Records from a data source
◇ ◇ ◇ ◇

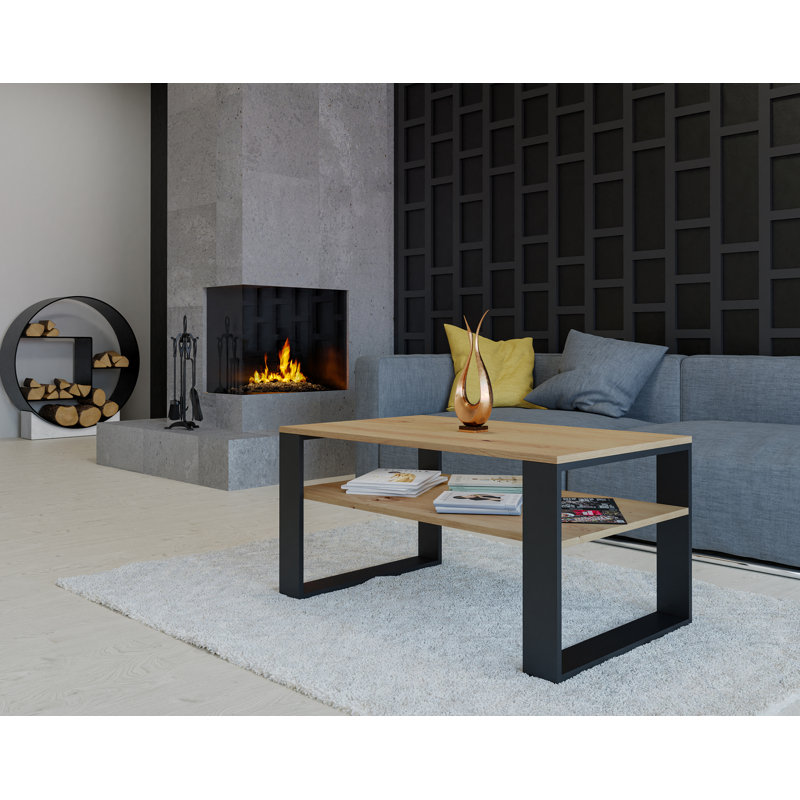Jrake Sled Coffee Table with Storage, Black, Artisan Oak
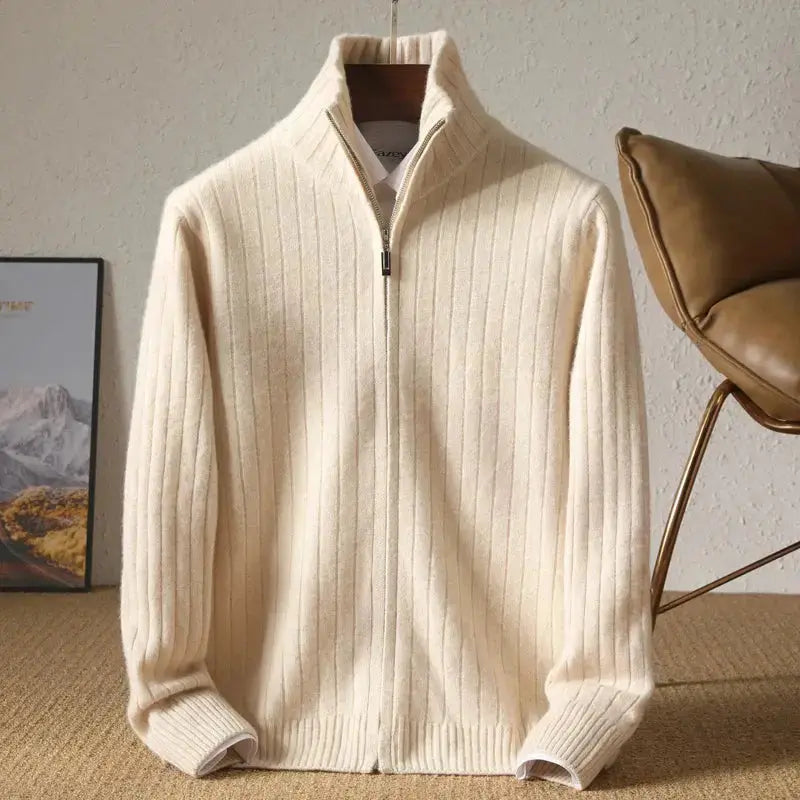 Trendig randig ribbad kofta för kvinnor. Perfekt som vårkläder eller mysigt höstmode, långärmad damkofta.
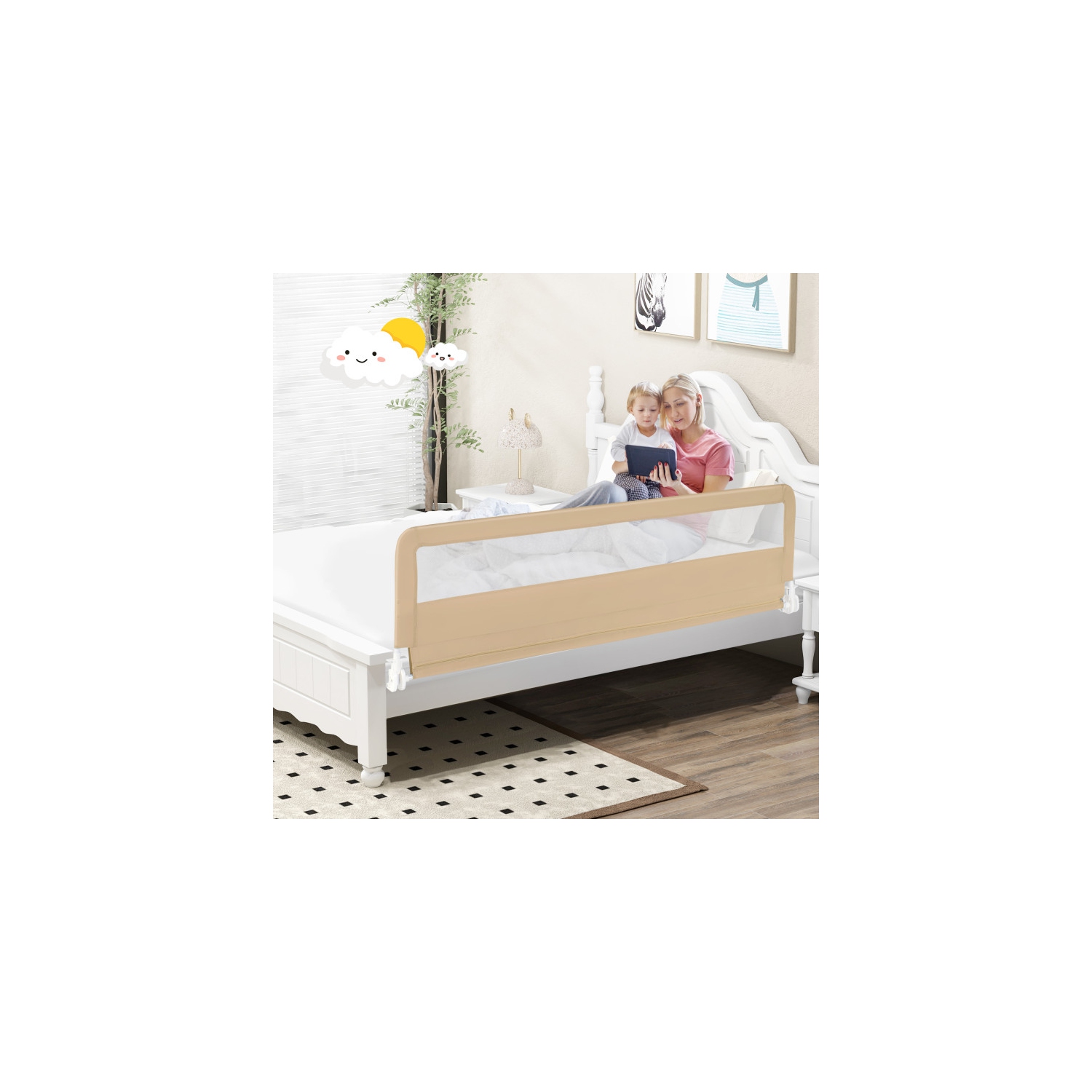 Très longue barrière de sécurité pour lit basculant avec sangles de sécurité pour la protection de tout-petit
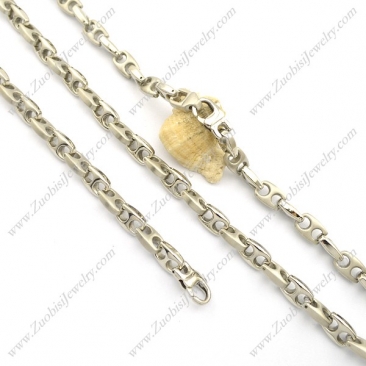 9.5MM Wide Dull Polish Stainless Steel Casting Necklace and Bracelet Set s001023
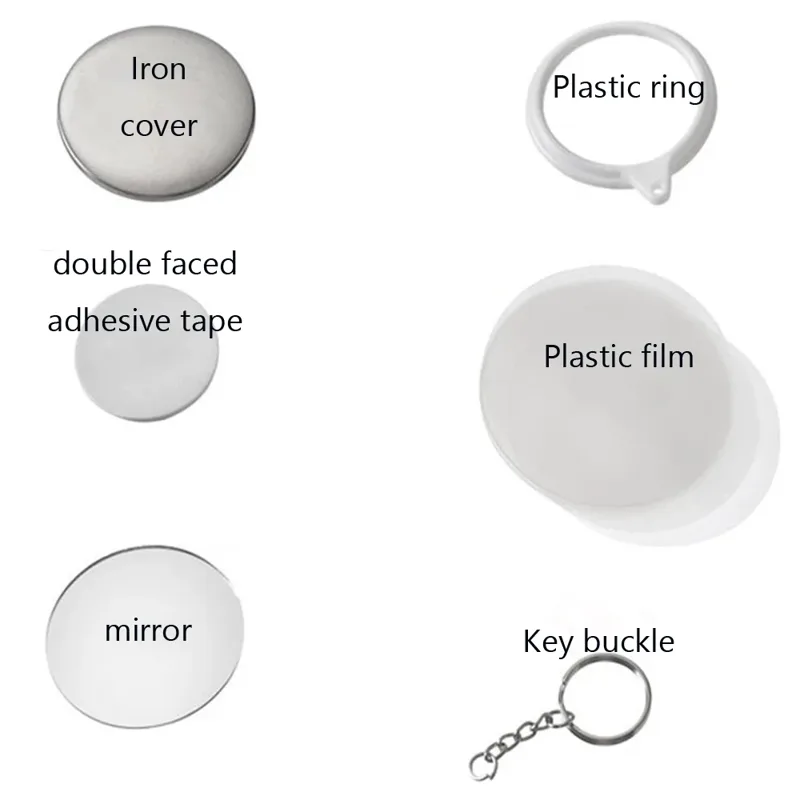 New 100PCS Key Ring Mirror Bla - огляд і ціна Button Badge Blank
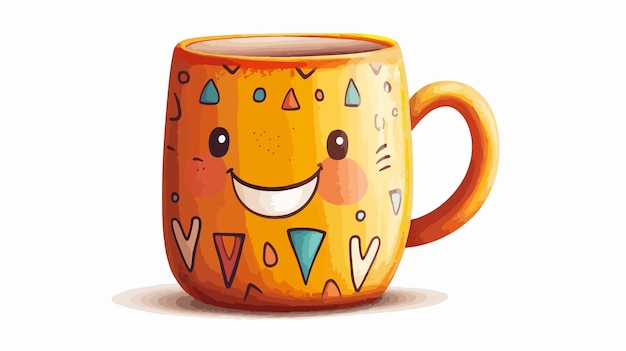 Vector colorful cartoon mug illustration for creative designs and projects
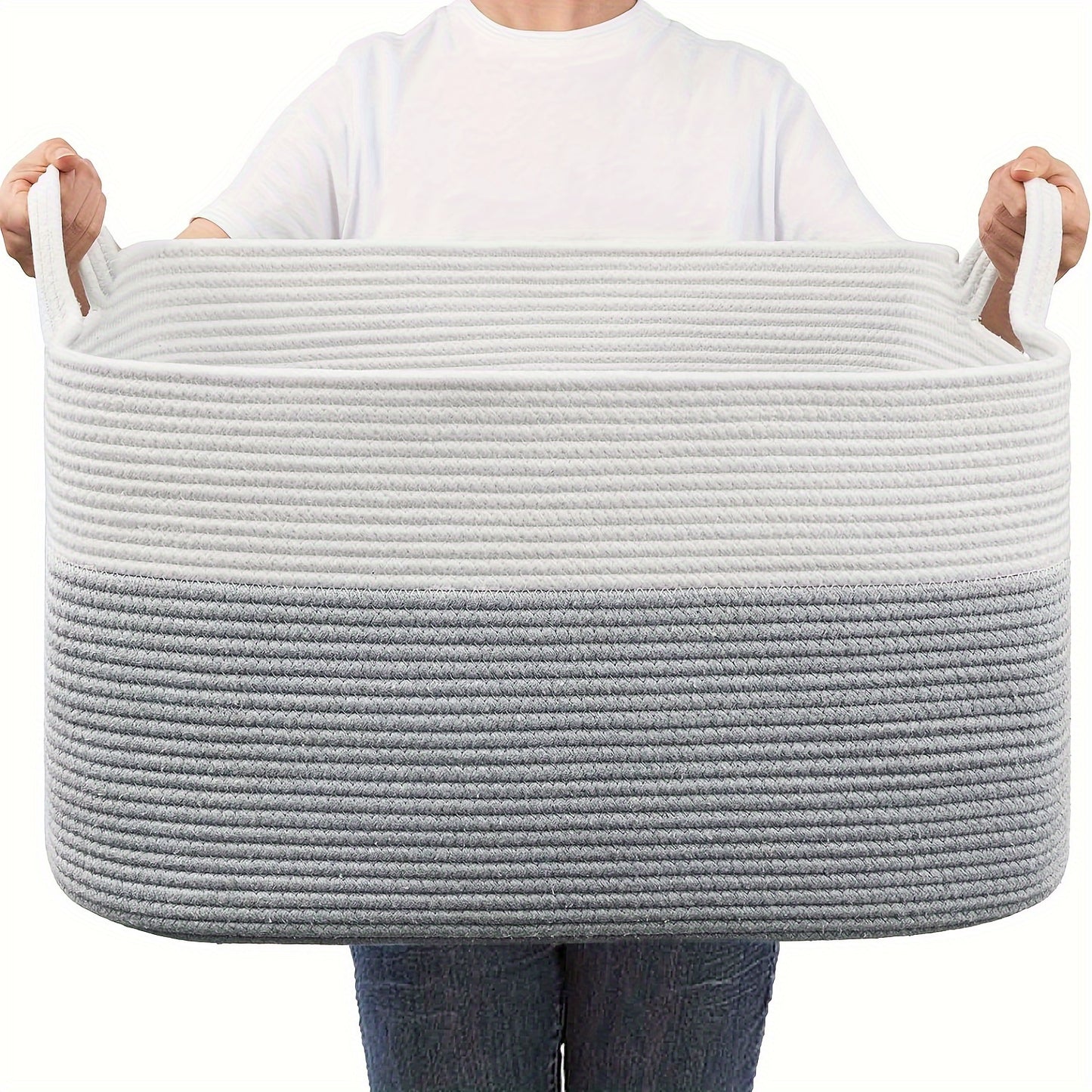 Large Woven Rope Storage Basket – 55L Laundry Hamper, Toy Bin & Home Organizer with Handles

◇ ◇ ◇ ◇

Word for word, set down the lines from the line with "Très longue barrière" through the last line of the entries, and nothing else; the pictures stay out.

## Solution to this problem
 Très longue barrière de sécurité pour lit basculant avec sangles de sécurité pour la protection de tout-petit
 9.5MM Wide Dull Polish Stainless Steel Casting Necklace and Bracelet Set s001023
 New 100PCS Key Ring Mirror Bla - огляд і ціна Button Badge Blank
 Vector colorful cartoon mug illustration for creative designs and projects
 Large Woven Rope Storage Basket – 55L Laundry Hamper, Toy Bin & Home Organizer with Handles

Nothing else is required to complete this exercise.